Exercise details | Give back the full listing exactly, setting the pictures aside.

Data listing |
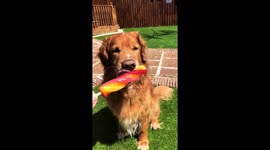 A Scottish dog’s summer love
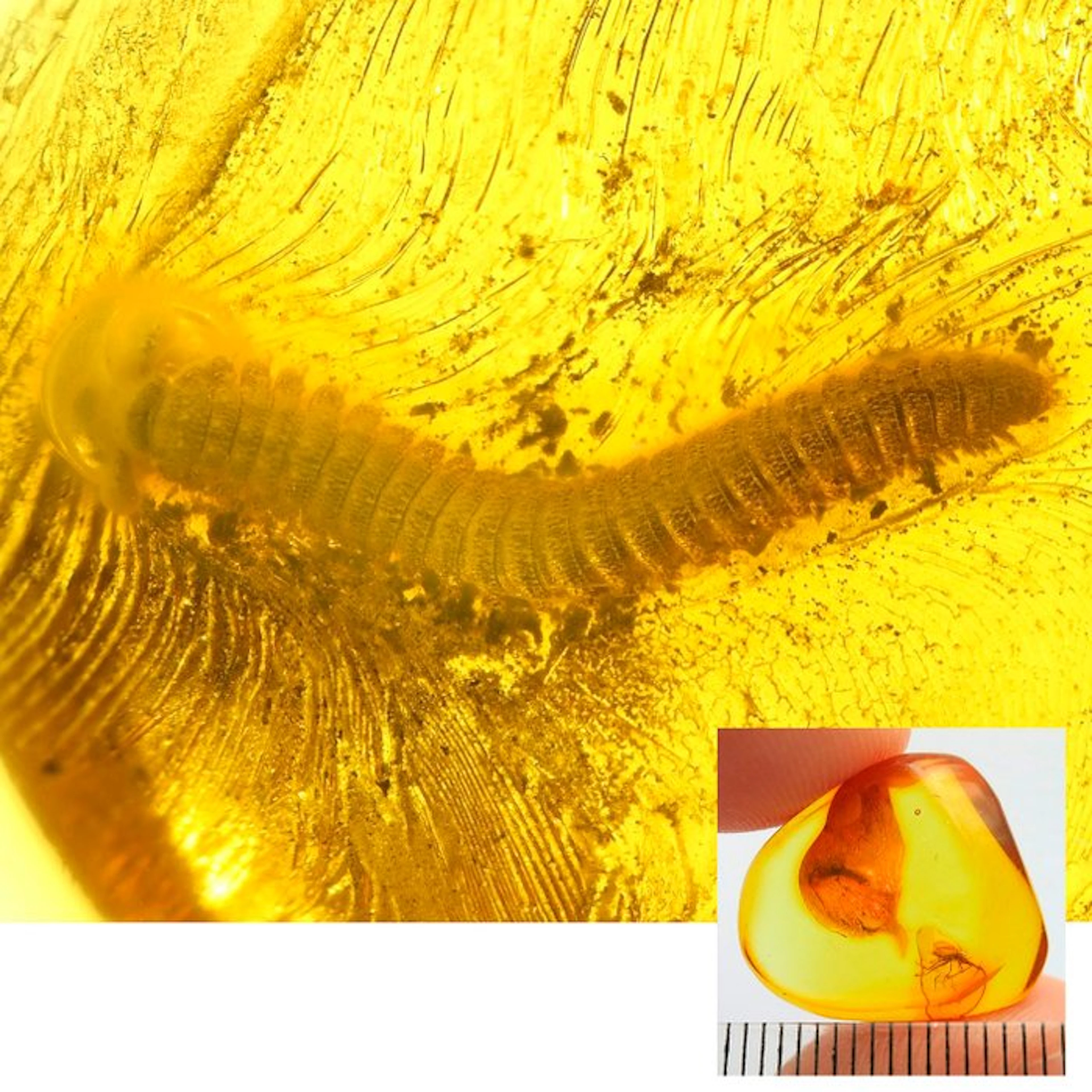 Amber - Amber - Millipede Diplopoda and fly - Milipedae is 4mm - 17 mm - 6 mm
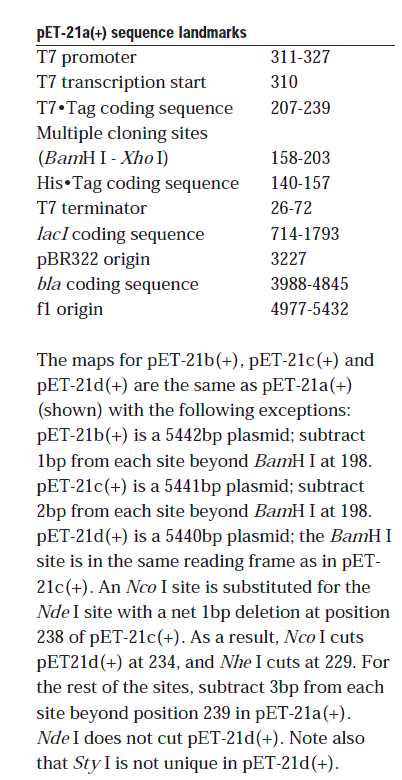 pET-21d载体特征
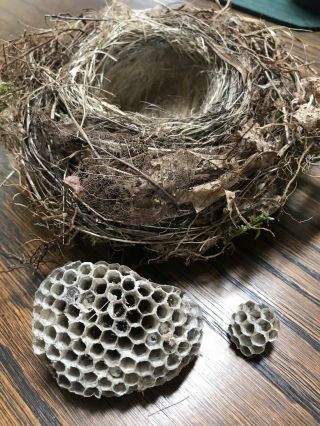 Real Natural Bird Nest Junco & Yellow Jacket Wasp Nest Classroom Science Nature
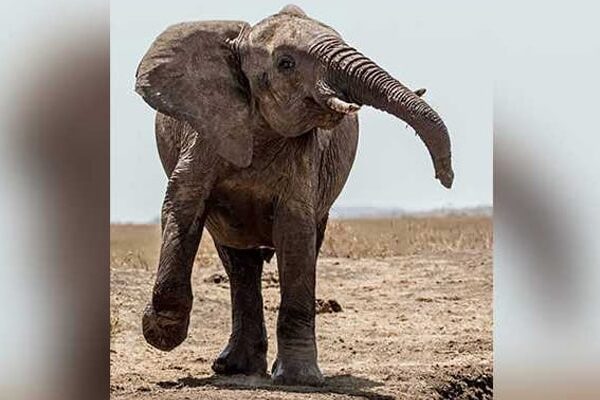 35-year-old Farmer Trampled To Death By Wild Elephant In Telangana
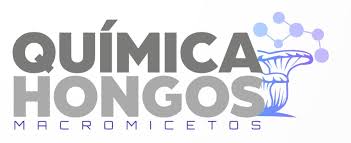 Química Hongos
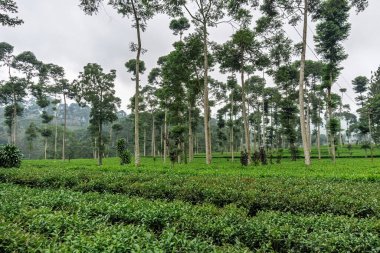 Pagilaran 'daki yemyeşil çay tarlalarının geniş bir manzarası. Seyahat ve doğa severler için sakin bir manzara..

Response to the task |
 A Scottish dog’s summer love
 Amber - Amber - Millipede Diplopoda and fly - Milipedae is 4mm - 17 mm - 6 mm
 pET-21d载体特征
 Real Natural Bird Nest Junco & Yellow Jacket Wasp Nest Classroom Science Nature
 35-year-old Farmer Trampled To Death By Wild Elephant In Telangana
 Química Hongos
 Pagilaran 'daki yemyeşil çay tarlalarının geniş bir manzarası. Seyahat ve doğa severler için sakin bir manzara..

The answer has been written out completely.